Deux esquives sont soulignées : la réserve « à ma connaissance, aucune » sur le recours à une société de media training, aussitôt relevée par Alloncle ; et le refus initial de communiquer certains chiffres, Vion renvoyant à des envois écrits ultérieurs.
Ce que l'audition apporte au dossier
Elle documente, côté direction, une doctrine de défense cohérente : sincérité validée par les corps de contrôle, dégradation imputée à la baisse des concours publics, incomparabilité avec le privé. Elle acte surtout que le désaccord avec la Cour porte moins sur les faits que sur leur qualification (équilibre d'exploitation vs résultat net déficitaire, actif vs invendu, problème juridique vs faillite).
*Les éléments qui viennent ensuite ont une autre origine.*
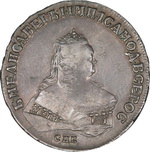 1 Рубль 1747 г. СПБ. Л.ст.: ВСЕРОС. Серебро, 25,15 гр.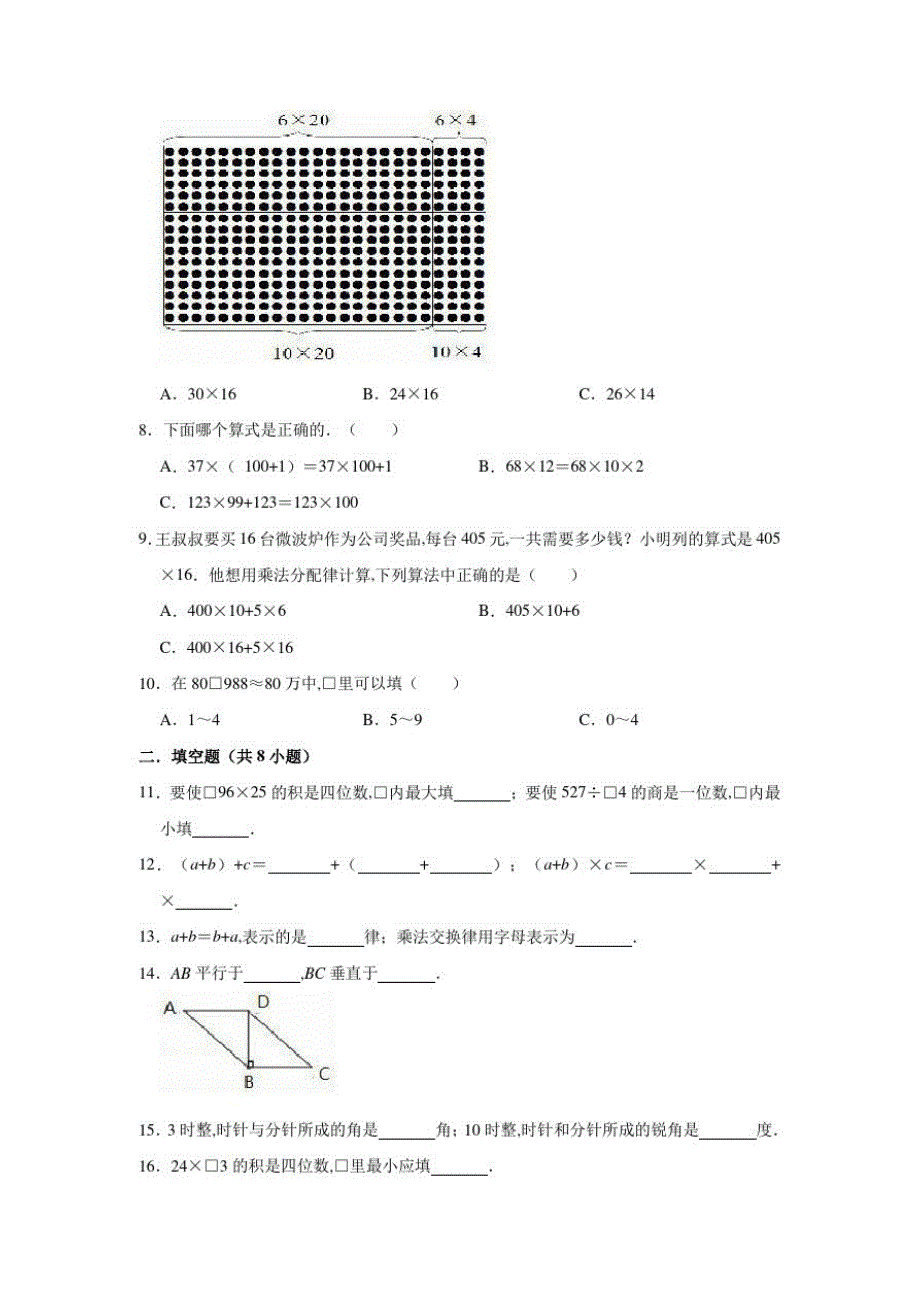 最新北师大版数学四年级上册《期中检测卷》及答案解析_第2页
Le président nuance la charge en pointant la responsabilité de l'État — « Aucune entreprise privée ne pourrait être pilotée avec des budgets aussi fluctuants ! » — tout en appuyant plusieurs griefs (véhicules de fonction, transactions de départ). Enfin, l'audition laisse ouverts plusieurs points de vérification (chiffres promis par écrit, coût de Cannes, existence d'un media training), et met en cause la communication de FTV sur les réseaux sociaux, qualifiée par le rapporteur d'atteinte au « pouvoir du Parlement de contrôler une entreprise publique ».